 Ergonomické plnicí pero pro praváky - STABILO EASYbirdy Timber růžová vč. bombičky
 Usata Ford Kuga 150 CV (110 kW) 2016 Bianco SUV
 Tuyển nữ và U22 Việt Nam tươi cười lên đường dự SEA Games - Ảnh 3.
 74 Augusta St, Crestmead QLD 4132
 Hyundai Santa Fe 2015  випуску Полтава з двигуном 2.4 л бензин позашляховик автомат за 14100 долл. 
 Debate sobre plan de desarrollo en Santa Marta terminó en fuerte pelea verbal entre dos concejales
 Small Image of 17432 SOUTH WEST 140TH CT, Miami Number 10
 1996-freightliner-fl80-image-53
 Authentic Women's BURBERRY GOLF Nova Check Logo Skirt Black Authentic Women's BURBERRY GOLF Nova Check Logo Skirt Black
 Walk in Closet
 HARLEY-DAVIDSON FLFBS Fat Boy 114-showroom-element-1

##############################

Activity:
Every single line in the records above must be written out exactly.

Output for this task:
 Ergonomické plnicí pero pro praváky - STABILO EASYbirdy Timber růžová vč. bombičky
 Usata Ford Kuga 150 CV (110 kW) 2016 Bianco SUV
 Tuyển nữ và U22 Việt Nam tươi cười lên đường dự SEA Games - Ảnh 3.
 74 Augusta St, Crestmead QLD 4132
 Hyundai Santa Fe 2015  випуску Полтава з двигуном 2.4 л бензин позашляховик автомат за 14100 долл. 
 Debate sobre plan de desarrollo en Santa Marta terminó en fuerte pelea verbal entre dos concejales
 Small Image of 17432 SOUTH WEST 140TH CT, Miami Number 10
 1996-freightliner-fl80-image-53
 Authentic Women's BURBERRY GOLF Nova Check Logo Skirt Black Authentic Women's BURBERRY GOLF Nova Check Logo Skirt Black
 Walk in Closet
 HARLEY-DAVIDSON FLFBS Fat Boy 114-showroom-element-1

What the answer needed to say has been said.